My Bee observations in iNaturalist

My daughter loves bees and bees love her. A colony of bees nested on our house when she was about to be born, and we have this family connection with them. Always when I see a bee I smile… and if I have a camera at hand, I also make a photo to upload to iNat.

Here is a summary of the ones that are currently there, with regular updates comming each time I do a field trip or excursion. This post will include a list of how many species I have recorded in each of the countries I have visited, and break this down by families and subfamilies.

To bee or not to bee

Following the book of Laurence Parker, Bees of the world, I am using the taxon Anthophila as the root for my search. This is ranked as an Epifamily in iNats taxonomy, and includes seven families of bees.

Overview

Tools and Libraries

I will be using a Python environment with a selection of my favourite libraries, as explained here.

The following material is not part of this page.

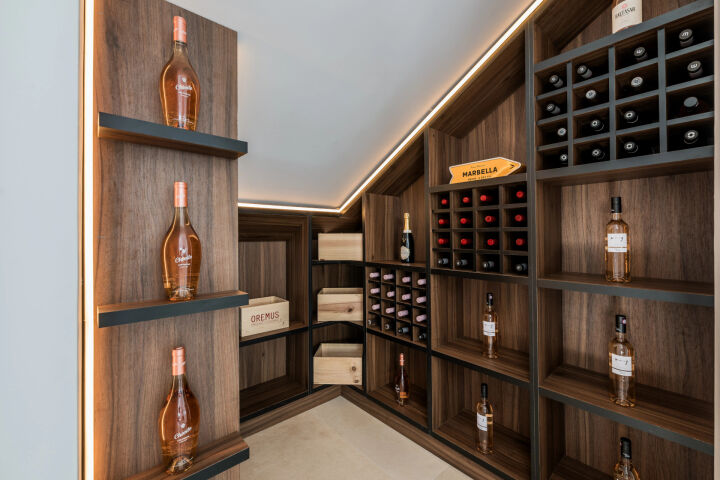 Las Lolas Sky Residence - A Boutique Penthouse in the Heart of Nueva Andalucía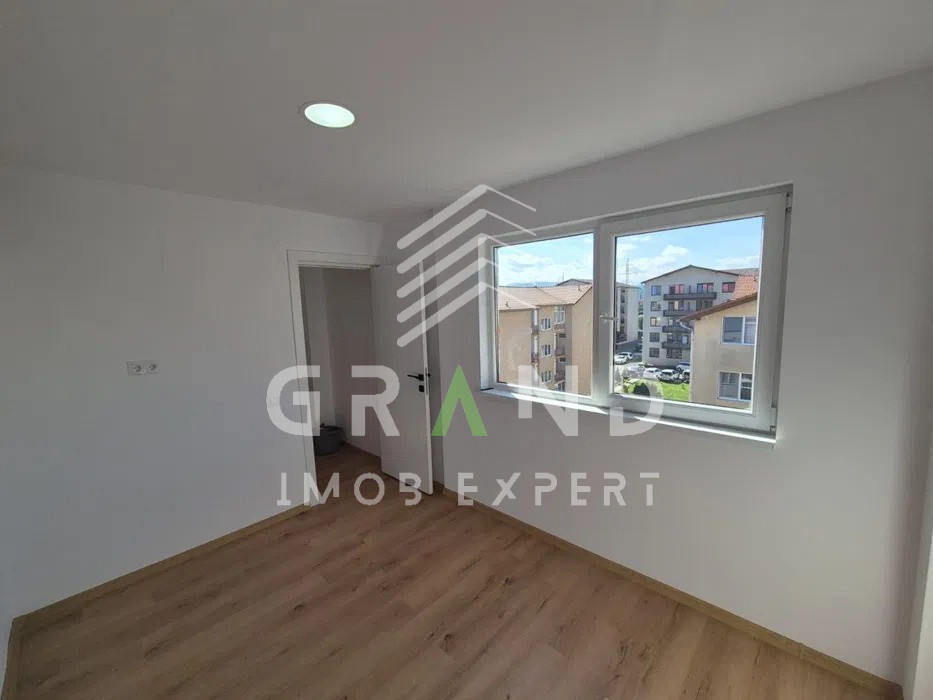 Apartament 3 camere, Florești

We will be using the following libraries in this blog post:

from pyinaturalist import get_observations
from pyinaturalist import (
    get_observations,
    get_taxa_by_id,
    get_places_by_id
    )
import pandas as pd
##import numpy as np
##import geopandas as gpd
##from IPython.display import display, HTML
from itertools import islice
import plotly.express as px
from IPython.display import display, HTML

Step-by-Step Guide

Step 1: Downloading iNaturalist observations

Let’s begin by fetching iNaturalist observations with pyinaturalist. We will need a selection of global observations so we select the user neomapas, and see where in the world they have been.

username = 'neomapas'
taxonid=630955
observations = get_observations(user_id=username, taxon_id=taxonid, per_page=0)
n_obs = observations['total_results']

Let’s print an overview of these total results:

print("User {} has {} observations of Anthophila (taxon id {}) in iNaturalist".format(username,n_obs,taxonid))
User neomapas has 29 observations of Anthophila (taxon id 630955) in iNaturalist

The maximum number of observations we can download in each query 200, so we need to use pagination to get all results. For each query we will extract a selection of fields that we will use for summarising the observation records (coordinates, species guess, quality grade), and at the same time we will extract the taxonomic information from each identification.

records=list()
taxa=list()
places=list()
msg="Requesting observations from user _{}_: page {}, total of {} observations downloaded"
j=1
while len(records) < n_obs:
    print(msg.format(username,j,min(j*200,n_obs)))
    observations = get_observations(
        user_id='neomapas',
        taxon_id=taxonid,
        per_page=1000,
        page=j)
    for obs in observations['results']:
        record = {
            'uuid': obs['uuid'],
            'quality': obs['quality_grade'],
            'description': obs['description'],
            'location': obs['place_guess'],
            'longitude': obs['location'][1],
            'latitude': obs['location'][0],
            'species guess': obs['species_guess'],
            'observed on': obs['observed_on'],
            'points': obs['faves_count'] * 10 + obs['comments_count'] + obs['identifications_count'] * 3,
        }
        for pid in obs['place_ids']:
            place_record = {
                'uuid': obs['uuid'],
                'place id': pid
            }
            places.append(place_record)
        for tid in obs['ident_taxon_ids']:
            taxon_record = {
                'uuid': obs['uuid'],
                'taxon id': tid
            }
            taxa.append(taxon_record)
        if len(obs['observation_photos'])>0:
            record['url'] = obs['observation_photos'][0]['photo']['url']
            record['attribution'] = obs['observation_photos'][0]['photo']['attribution']
        records.append(record)
    j=j+1
Requesting observations from user _neomapas_: page 1, total of 29 observations downloaded

This example requires extracting some additional information that is nested within the json structure of the API response. I explain some of the details in this post.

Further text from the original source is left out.